Well, it tracks back to that need for money and growth.
Running a profitable media company is hard. Running a profitable music streaming one is harder. Running a profitable music streaming company with no Big Tech backing or original content is even harder than that.
The closest comparison to Spotify in the streaming world is Netflix, but the latter company has been more effective in cementing its place in the industry. When Netflix saw gigantic legacy media and tech companies moving into TV and film streaming, it began producing its own content. Now, it has a media library that, on its own merits, encourages people to sign up and stay signed up.
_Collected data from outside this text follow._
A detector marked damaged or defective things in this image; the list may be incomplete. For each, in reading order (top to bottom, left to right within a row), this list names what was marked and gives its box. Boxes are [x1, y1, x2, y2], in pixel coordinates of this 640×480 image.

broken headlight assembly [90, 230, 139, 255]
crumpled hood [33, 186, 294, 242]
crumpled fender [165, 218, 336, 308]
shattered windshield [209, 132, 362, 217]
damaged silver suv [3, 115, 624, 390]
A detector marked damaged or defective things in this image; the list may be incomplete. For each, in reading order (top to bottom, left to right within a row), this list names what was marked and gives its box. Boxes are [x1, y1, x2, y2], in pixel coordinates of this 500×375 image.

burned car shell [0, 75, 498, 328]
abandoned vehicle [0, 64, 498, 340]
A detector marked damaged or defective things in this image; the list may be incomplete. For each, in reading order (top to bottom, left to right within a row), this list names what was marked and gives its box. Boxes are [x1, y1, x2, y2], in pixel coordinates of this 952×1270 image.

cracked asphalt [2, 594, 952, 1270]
It has a point of difference.
Spotify does not.
Besides a largely abandoned push for original podcast content, the streamer has effectively the same library as Apple Music, YouTube Music, and Amazon Music. The reason people are on Spotify is because, mainly, they already are. There’s little reason for someone to choose a specific platform besides convenience.
This makes Spotify uniquely vulnerable.
Let’s say record labels decide they want more money from their catalogues, so they raise the licensing cost. Spotify has to pass this onto users in order to keep its profits high enough for stakeholders. Apple, on the other hand, can absorb that cost and continue with its loss leader. What real reason is there for users to stay on Spotify in this instance?
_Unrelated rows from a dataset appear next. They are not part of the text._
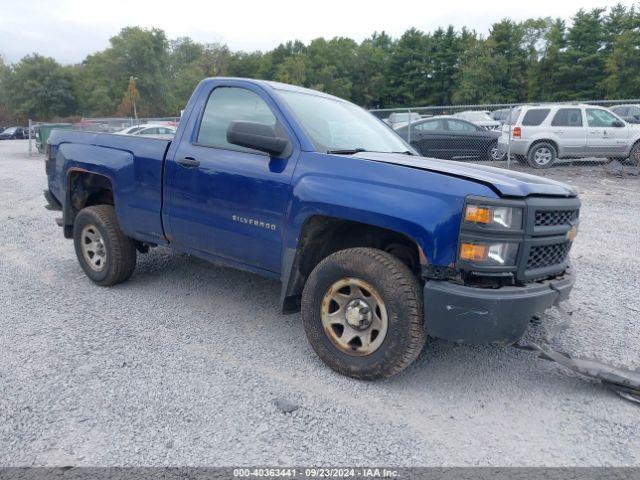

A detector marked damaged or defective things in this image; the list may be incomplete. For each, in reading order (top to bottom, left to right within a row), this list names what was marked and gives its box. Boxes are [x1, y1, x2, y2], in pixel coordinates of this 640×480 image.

damaged front bumper [424, 270, 576, 344] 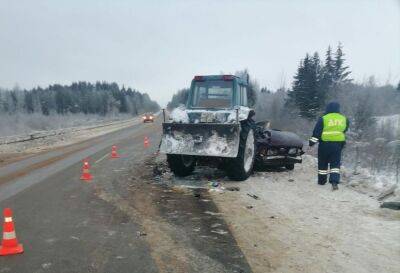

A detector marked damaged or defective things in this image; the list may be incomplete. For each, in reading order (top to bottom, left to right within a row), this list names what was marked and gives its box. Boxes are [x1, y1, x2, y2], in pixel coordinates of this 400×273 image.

crushed car wreck [159, 75, 304, 181] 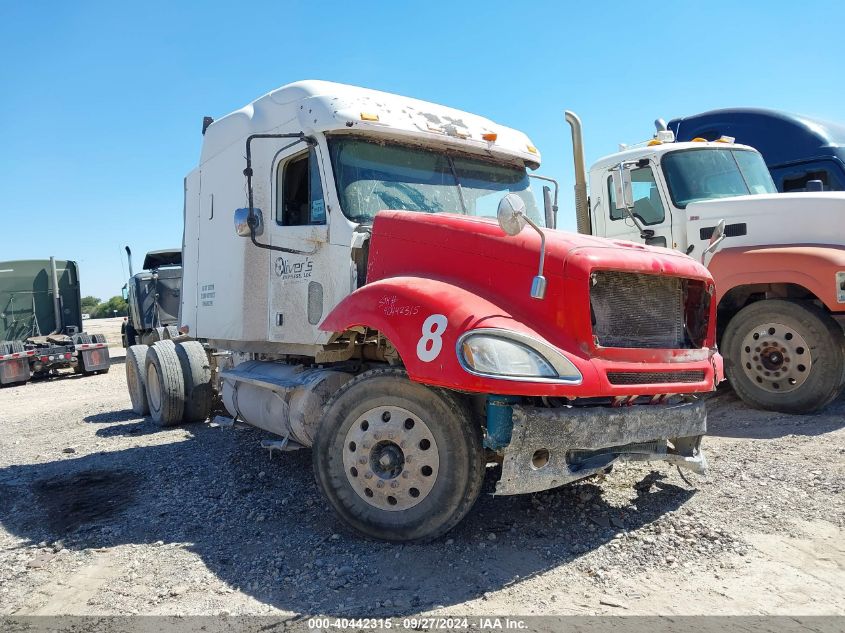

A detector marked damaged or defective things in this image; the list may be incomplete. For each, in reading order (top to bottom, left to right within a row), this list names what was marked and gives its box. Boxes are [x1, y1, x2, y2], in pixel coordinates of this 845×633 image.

damaged front bumper [494, 400, 704, 494] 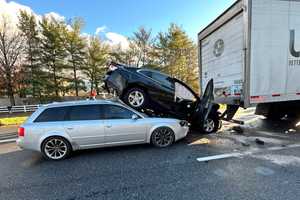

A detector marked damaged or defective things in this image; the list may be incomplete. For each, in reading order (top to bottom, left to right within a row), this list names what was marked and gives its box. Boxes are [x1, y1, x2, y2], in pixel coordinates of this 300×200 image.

overturned car [104, 62, 221, 133]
But it must keep those users. It can’t lose subscribers to other platforms. Otherwise its stock price falls and its house of cards come tumbling down. So, instead of increasing costs, maybe, just maybe, Spotify doesn’t renew some of those licensing deals and certain musicians vanish.
This is what the company’s playlist-centric UI is preparing users for.
Spotify’s homescreen is set up so you don’t engage with specific artists. Instead you’re pushed into algorithmically generated playlists, many of which contain music made by “fake artists.”
It’s getting us ready for that Kanye-style moment where certain albums and artists quietly disappear, for a time where Spotify is no longer a library, but just an audio vibes machine.
In many ways, I’m the perfect Spotify user. I pay a premium each month specifically for forgettable, generic music. But will someone who doesn’t have their own digital library do the same?
Spotify, to my estimation, thinks it can redesign the app and train them to do so — yet this is hubris incarnate.
The company’s need to grow, to make money at the expense of its users, will be the thing that kills it. This won’t happen with a new homescreen alone, but this “bug” is a compass pointing us towards an inevitable truth: in its current state, Spotify’s days are numbered.
And, once the music streaming wars conclude, there’s no guarantee any other platforms will be either. Money is king, and as soon as users are settled, companies will squeeze as much cash from them as possible.
The only constant is change. And, for something you love as much as music, that’s unacceptable.
Maybe it’s time to start your own library.